The blogosphere and politics
- The blogosphere has become an alternative to the state controlled media and a substitute of the public sphere — much the same as literature in 19th century and the independent media in the 1990s.
- Discussion of political topics are very common. Even those who are normally not interested in politics are forced to react to the outrageous events in the country.
- Who writes: not only journalist (although there are many of them) or opposition politicians (they are also present) — anyone who has a story or opinion to share. The blogosphere is decentralized.
- Who reads: not only “friends”. — Not-friends, not-users (general public), RSS feeds, RSS aggregators (blogs.yandex.ru, etc.).
- Popularity: any post that is interesting and important for many can appear in Yandex Top if it has many links to it. “Let’s put this post into Yandex Top!” — a commonly used strategy.
- direct reporting (from the hot spots, accident sites, crime scene, actions of protest, event venues, etc.)
- commentary on current events (the source can be any – blogs, Internet generally, media, TV, rumours, etc.)
- quotes from and links to others’ posts (it may take the form of online flash mobs when hundreds or thousands people reproduce the same information)
- commenting other posts (may include thousand of comments)
- Illegitimate, corrupted, aggressive, unjust regime (state as a corporation which serves its own private interests rather than interests of the people)
- Constant seeking of enemies, cultivation of hostility and hate towards “others” (external enemies - USA, Ukraine, Georgia, etc.; internal enemies: “extremists”, opposition, dissenters, guest workers, etc. Support of nationalists and trials of anti-fascists)

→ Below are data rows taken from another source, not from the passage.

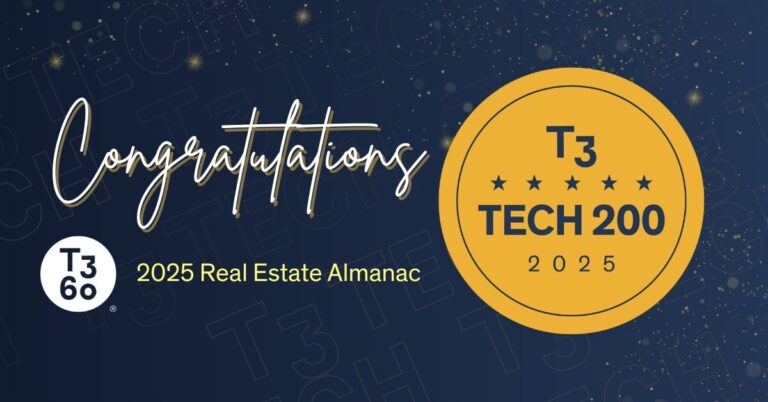 T3 Sixty 发布 2025 Tech 200，确定行业领先的房地产技术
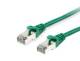 Equip 606413 Patch cable Cat6A S/FTP 2xRJ45 25.00 m green LSZH poly bag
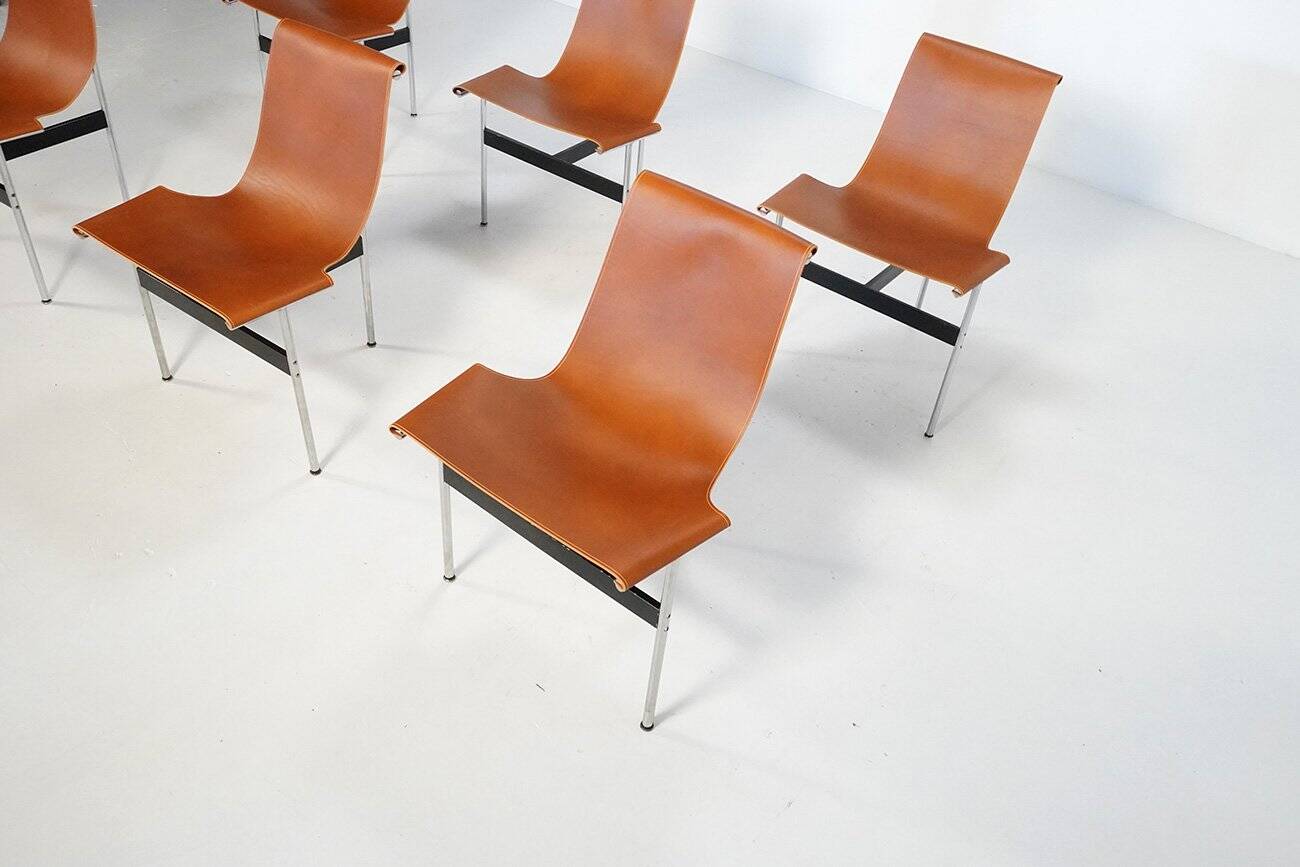 Vintage Italian T-Chairs from ICF De Padova, 1960s, Set of 6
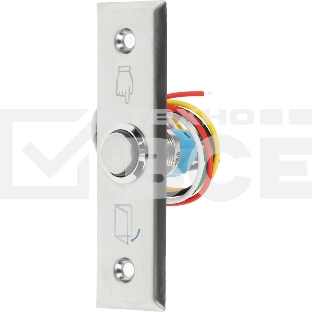 Кнопка выхода Tantos TDE-02 Light (00-00017678) серебристый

- Human rights violation in Russia, Chechnya, Ingushetia, etc.
- Police mayhem, extreme violence, outrageous breach of all limits, total lawlessness (“Ментовский беспредел”)
- Unjust justice (court as an obedient executor of the state’s will, an instrument of political repression rather than law; violent )
- Political assassination of human rights activist and journalists.
- Censorship, lack of freedom of speech
- Ineffective and humiliating bureaucratic system
- Union of the state and the Russian Orthodox Church; propagation of religious education at schools
- Criminalization of contemporary art (destruction of art exhibitions, trials of curators and artists)
Strategies of resistance
- Verbal actions (manifestos, articles, discussions, letters to the president)
- Direct political action (demonstration, march, strike)
- Symbolic actions (arson, seizure of official institutions, hunger strike)
- Radical art actions (exhibitions, performances, street actions)
Because direct protest actions are routinely suppressed by force, the mock and absurd actions became popular (concordant march, political flash bob, monstration). However, these are often suppressed too.
"Anyone and everyone can blog" - can that qualify as serious reporting?
– The blogosphere is a self-regulating system. The seriousness of a report is defined by users who either find it useful and worth of sharing, passing on and commenting or ignore it as empty talk, junk, or fake. Outer authority dos not matter much in the blogosphere. It is users, both individually and as a community, that matters.
Do blogs in Russia pose an adequate opportunity to bypass censorship?
– Definitely yes. Other opportunities (independent press, radio or TV channels) are few and often have lesser reach. Blogs as an uncensored mediaspace have often provided material for other media and they become model for some media projects.
What impact do they have on potential political upheaval and crises?
– First of all, the blogosphere influences the formation of public opinion. Meaningful action without an idea is impossible – and the blogosphere does provide ideas, emotions, examples for imitation and a sense of belonging to a same minded group. However, an idea alone is not enough for action and it needs other factors to become a real power.
How far is their reach?
– Significant and growing. One may expect that if the political situation becomes worse, the role of blogs will increase.